2021/22 gas winter at last came to an end and one would think that the European gas market can heave a big sigh of relief. But with the onset of injection season you can hardly expect Q2 and Q3 to become less busy than the winter months, with the summer 2022 shaping up to be very eventful.
Contrary to the fears of many, this past winter in Europe was warm enough to prevent some worst-case demand/supply scenarios from happening. When entering this summer period, the region’s underground gas storages were more than 25pc full, including strategic stocks. This is broadly in line with recent years, except for where the inventories stood in 2019 and 2020 due to then above-normal winter temperatures. But that is where the similarities end.

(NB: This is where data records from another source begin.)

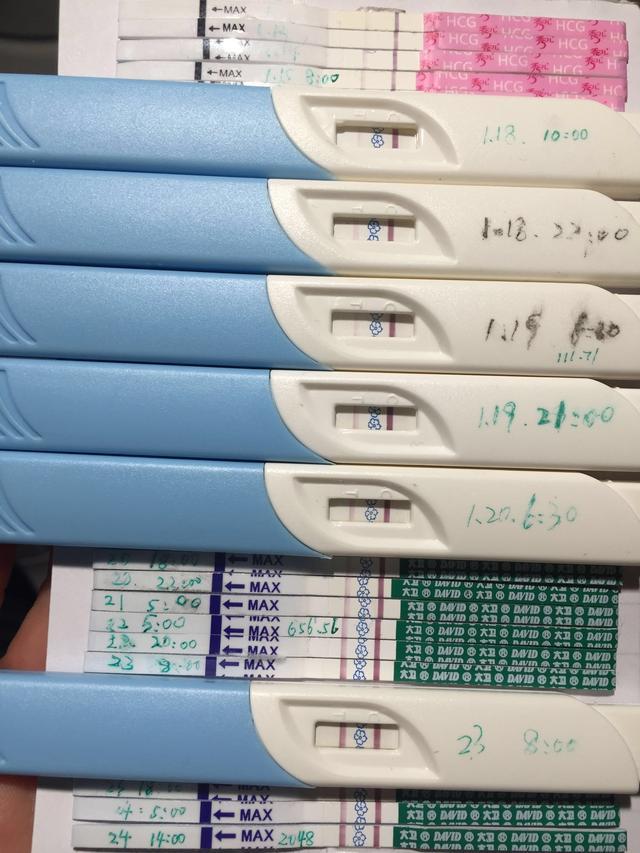 输卵管造影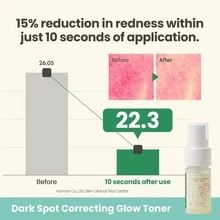AXIS-Y طقم الإضاءة الصغير الثلاثي - Collagen - مشاهدة 4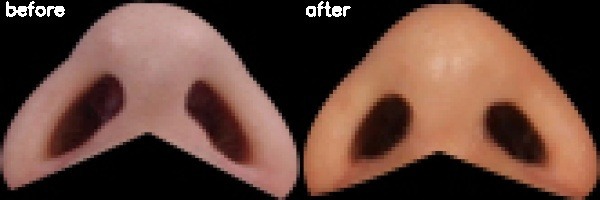 دریافت بیمار 45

A major difference from prior injection seasons is that this summer shippers should take into account the Commission’s regulation, requiring member states’ storages to be at least 80pc full by 1 November 2022. To reach this level, more than 55 bcm need to be injected into the storages across the continent, which is a feasible task but quite a challenging one. Especially since near-curve contracts are holding a premium to those with delivery in Q3 ’22, as at early April.
The success of meeting the 80pc target will very much depend on whether European buyers are able to maintain strong LNG imports throughout the whole gas summer. The current TTF-JKM spread contributes to spot sellers’ preference for the European market over Northeast Asia. But this may change rapidly once Asian importers get into the game.
Of course, there is nothing unusual about the competition for available seaborne volumes between the basins, whether it be summer or winter months. What is unique about the summer 2022 is that spot (and I stress this word) LNG cargoes have now become the region’s best hope for its successful preparation for the heating season.